Let me try to help with question 1 & 2.

They should automatically clear once agent is reachable again. Could you provide me your space_id so I can take a closer look (you can find it at your space setting);
Unfortunately that is not possible ... yet, the good news is that it has been a request for multiple users and added this feature to our list and we hope to delivery it soon (1/2 weeks);

frank trench Sep 11, 2024, 10:49 AM

#

i have forwarded the space_id directly to you in a pb 🙂
yeah i thought as much, and have seen some talks about it on the forum, but they are very old, so wanted to give my own reason for why it would be an extreamly great feature, is it almost always is a false positive from our system.

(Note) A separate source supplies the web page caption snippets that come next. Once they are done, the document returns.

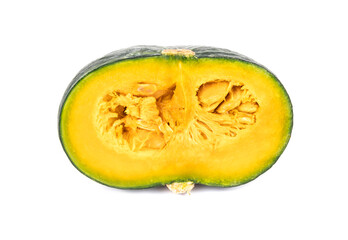 Green pumpkin isolated on the white background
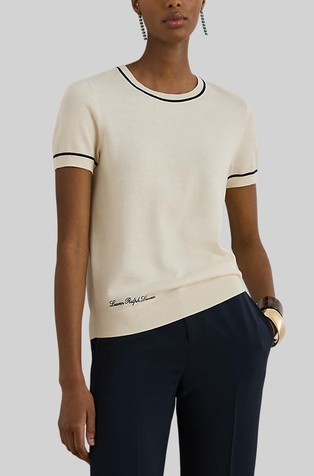 Knit Short-sleeve Sweater with Contrast Trims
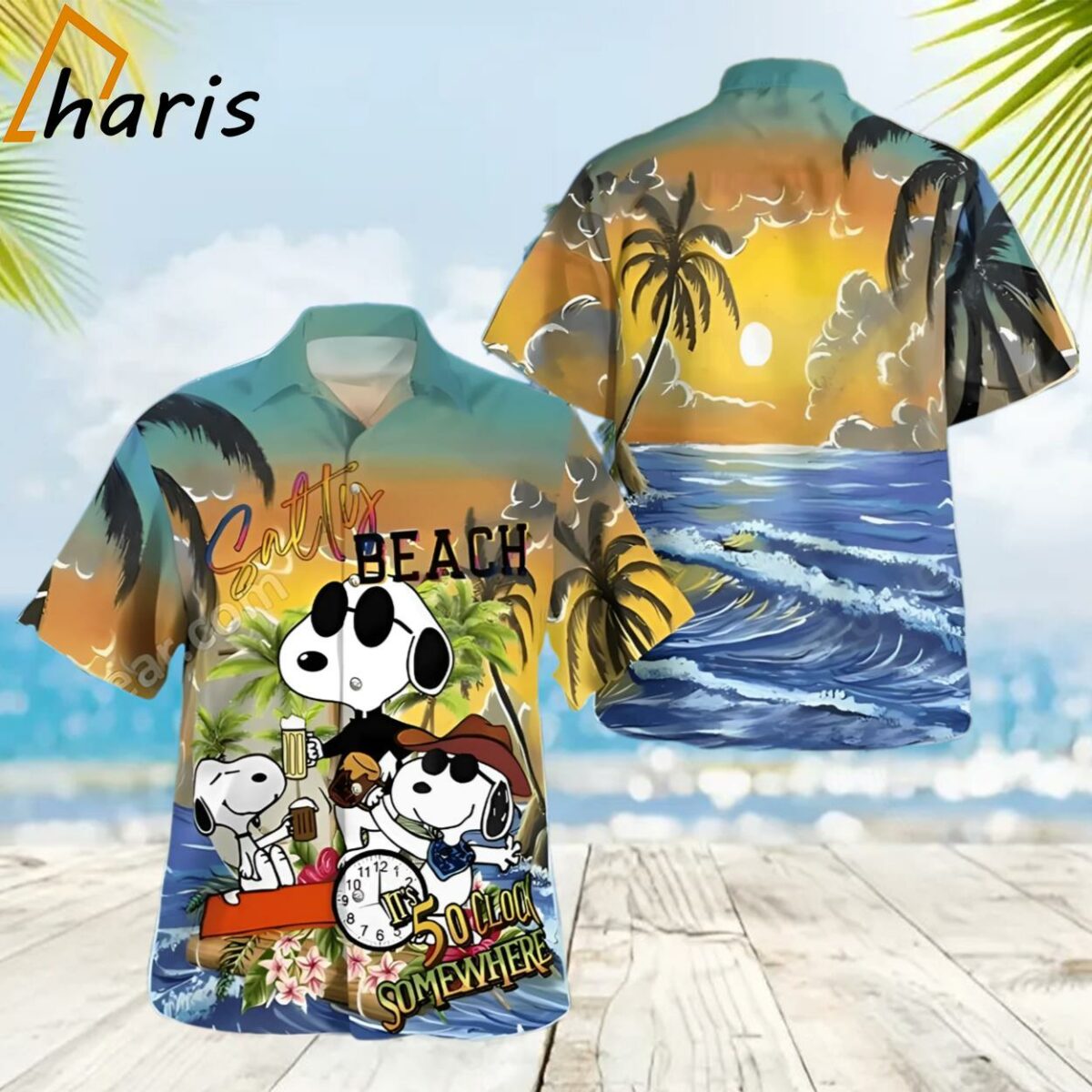 Snoopy Salty Beach It's 5 O'clock Somewhere Hawaiian Shirt 2 2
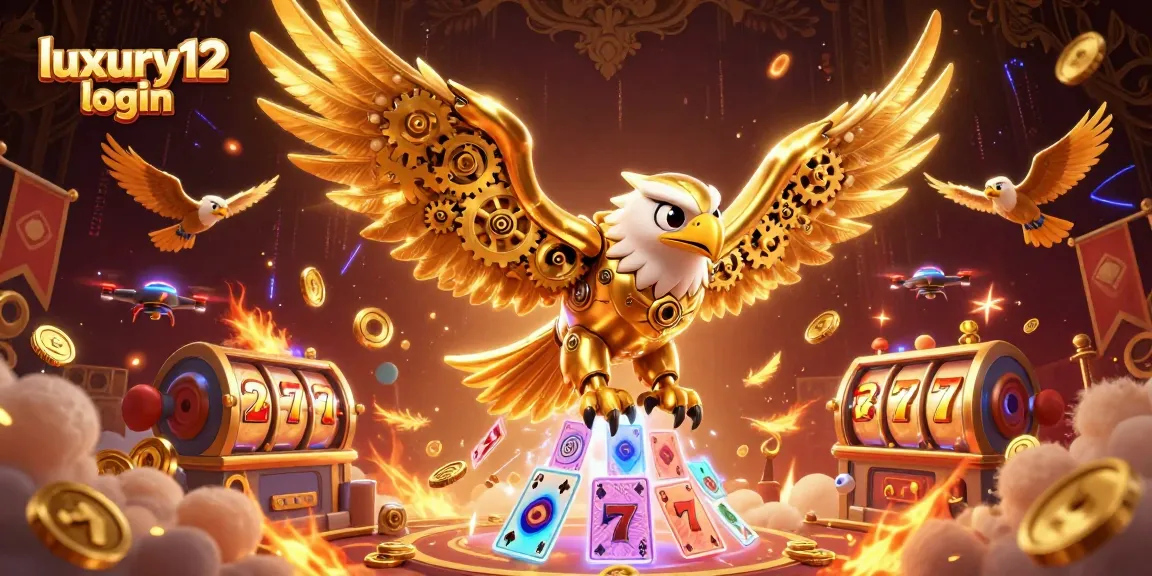 Experience luxury12 login with a stunning 3D illustration featuring mesmerizing flying cards and a golden eagle.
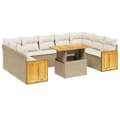 Miniatyrbillede 1 af 3: vidaXL sofasæt til haven 10 dele med hynder polyrattan beige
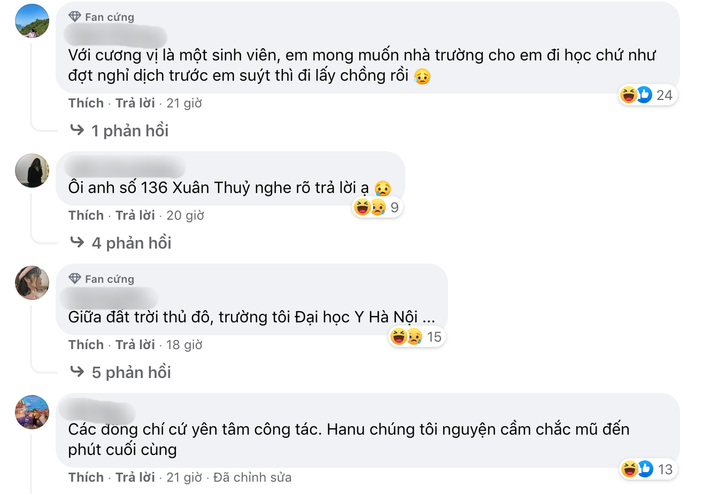 Dầu vậy, không phải bạn sinh viên nào cũng vui mừng trước lịch nghỉ dài. Có muôn vàn lý do để các bạn trẻ tiếp tục “than trời” vì lịch nghỉ dài. Thậm chí, có bạn còn lo lắng: "Trường cho em đi học chứ như đợt nghỉ dịch trước em suýt thì đi lấy chồng rồi". Ảnh: Chụp màn hình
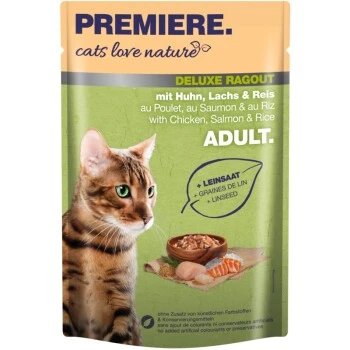 PREMIERE Cats Love Nature Deluxe Ragout Mit Huhn, Lachs & Reis 24x100 G 3 PREMIERE Cats Love Nature Deluxe Ragout Mit Huhn, Lachs & Reis 24x100 G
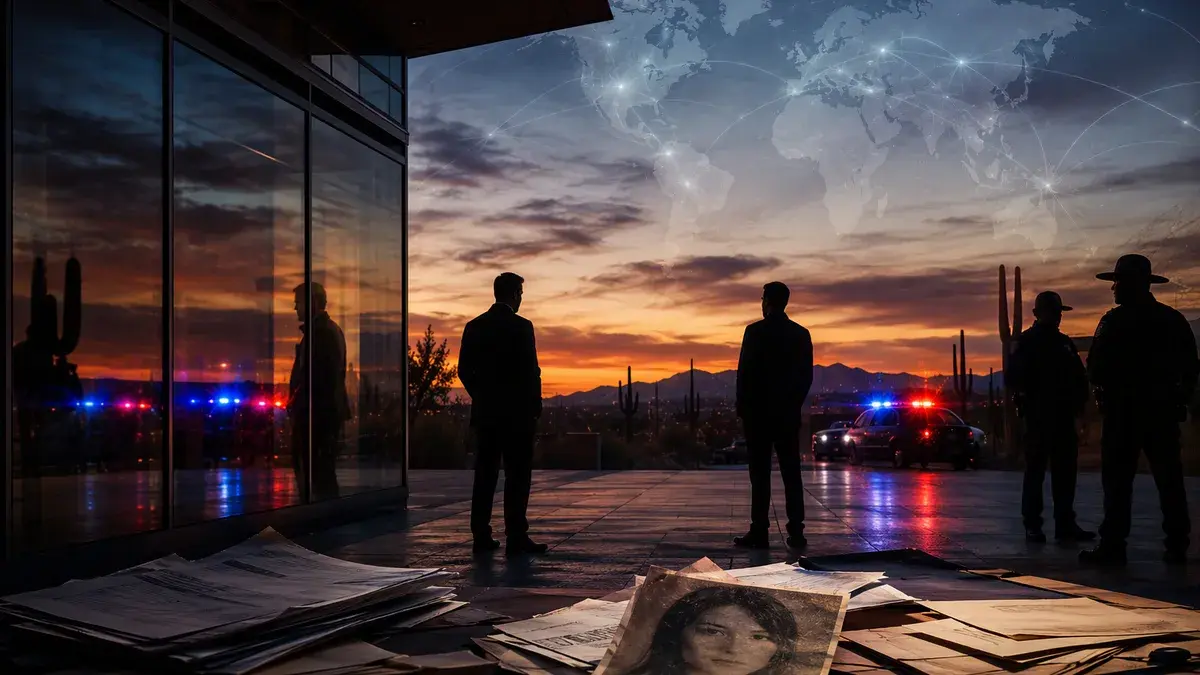 Desert courthouse scene with two silhouetted men, police lights, case files, and subtle global map overlay.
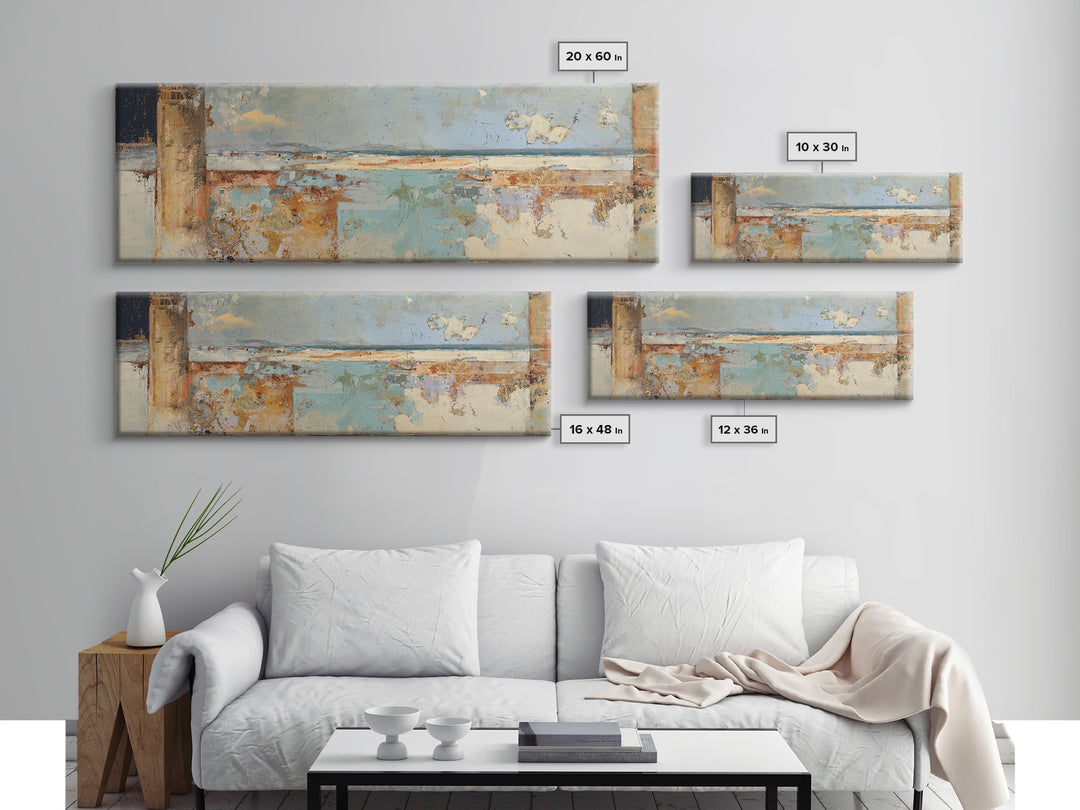 Ancient Column with Sea and Sky Beyond Framed Canvas Print, Mediterranean Art, Beach Prints, Living Room Decor, Oil Painting, MAR-3x1-28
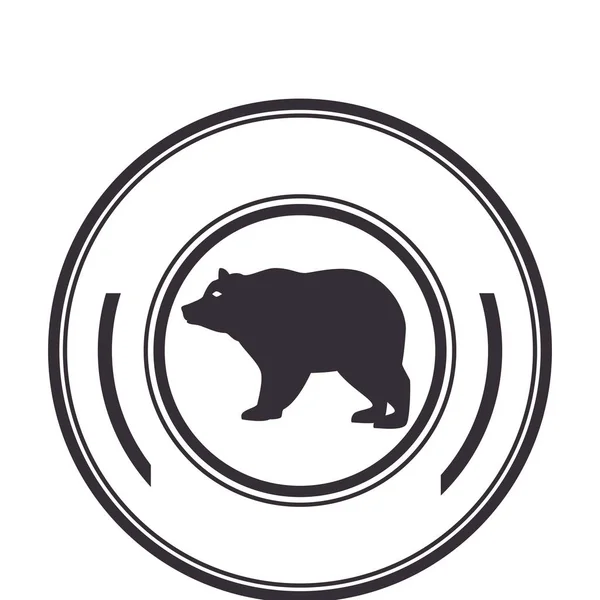 Niedźwiedź zwierzęta ikona na białym tle — Wektor stockowy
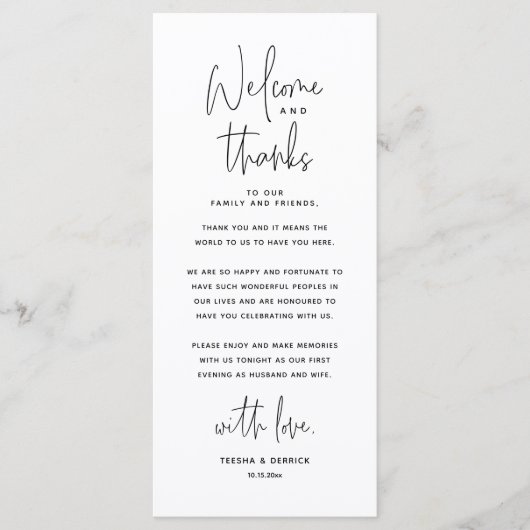 Willkommen und Danke, Platzierung Einstellungen Da Programm (Vorderseite)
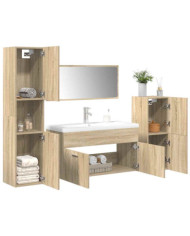Ensemble de meubles de salle de bain 5 pcs chêne sonoma | Mobilier & Déco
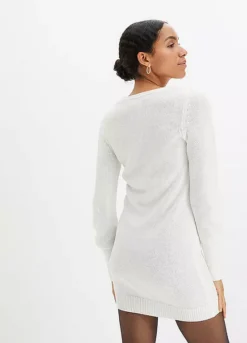 Front Cut-Out Cable Knit Dress -Enchanted Styles Front Cut Out Cable Knit Dress910875FRSP W01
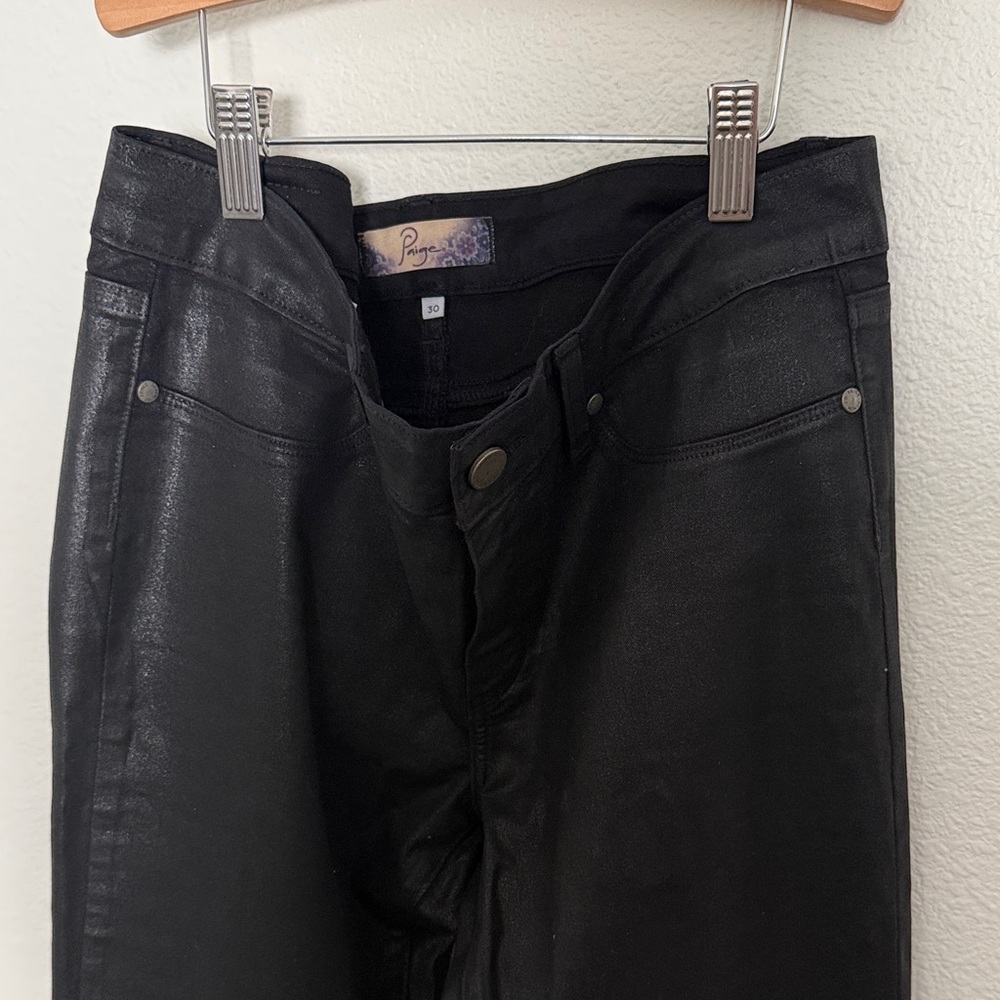 PAIGE Shiny Black Coated Skinny Jeans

native shell Sep 11, 2024, 10:51 AM

#

thank you, I will get back to you with my findings
indeed, you're absolutely right

native shell Sep 11, 2024, 12:52 PM

#

@frank trench I found that we introduced a bug when adding reachability notification aggregation feature.
this leads to sometimes incidents not being closed on indicent managment integration (Opsgenie, PagerDuty, etc).
we will work on addressing this a soon as possible.
also, when doing my investigation I found your child nodes are also claimed to the Cloud, this is the root cause of the problem. although we support, it's not the best setup.
https://learn.netdata.cloud/docs/observability-centralization-points/metrics-centralization-points/clustering-and-high-availability-of-netdata-parents

Clustering and High Availability of Netdata Parents | Learn Netdata

Netdata supports building Parent clusters of 2+ nodes. Clustering and high availability works like this:

frank trench Sep 11, 2024, 1:01 PM

#

Ahh nice to hear you found the bug 🙂 will be looking forward to seeing a fix for it 🙂

oh, then we have introduced that by mistake. Have to look into how to change that, as that was not meant to happen.
might return for some help on this, but have to talk with the person who originally made the setup, and we are currently looking into how to fix this 😄

#

so thanks for bringing this to our attention 😄

frank trench Sep 11, 2024, 1:17 PM

#

ah we think we found the mistake.
We had enabled stream on the parent node as well as on the child notes 😄
so a quick parent stream.conf update and a reload should make the correct claim i guess?

#

nope missed the part about active-active parent.
so we actually dont know what is wrong, as it seems to be setup like the following
https://learn.netdata.cloud/docs/deployment-guides/deployment-examples#activeactive-parents

Deployment Examples | Learn Netdata

Deployment Options Overview

native shell Sep 11, 2024, 1:41 PM

#

the streaming configuration is all correct
the only improvement is not stream related but actually how Netdata was installed
only parents should be installed with the claiming arguments AKA Connect Agent to Cloud

#

only parents should be claimed/connected to the cloud
https://learn.netdata.cloud/docs/netdata-cloud/connect-agent-to-cloud#automatically-via-environment-variables

Connect Agent to Cloud | Learn Netdata

This section guides you through installing and securely connecting a new Netdata Agent to Netdata Cloud via the

#

let's take this simple example, one parent with one child and both claimed/connected to the cloud
it will look like this

node id | steam id | hops (distance to cloud)
---------------------------------------------
parent1 | stream 1 | 0
child1  | stream 1 | 1
child1  | stream 2 | 0

#

if only parent is claimed/connected to the cloud
it will look like this

node id | steam id | hops (distance to cloud)
---------------------------------------------
parent1 | stream 1 | 0
child1  | stream 1 | 1

#

this is hidden for the user but it's part of Cloud business logic

#

of course this is just an improvement and it's not actully wrong since we support these setups as well

frank trench Sep 11, 2024, 1:48 PM

#

that makes sense.
We have just copied the value from within the dashboard when adding new agents.
So i guees instead of
wget -O /tmp/netdata-kickstart.sh https://get.netdata.cloud/kickstart.sh && sh /tmp/netdata-kickstart.sh --stable-channel --claim-token --claim-rooms --claim-url

we only need to use
wget -O /tmp/netdata-kickstart.sh https://get.netdata.cloud/kickstart.sh && sh /tmp/netdata-kickstart.sh --stable-channel --claim-token --claim-rooms
?

native shell Sep 11, 2024, 1:49 PM

#

almost 😉
it would be without any claim argument

#

they will appear automatically on cloud since they are streaming to a parent (as least as the parent is claimed/connected to the cloud)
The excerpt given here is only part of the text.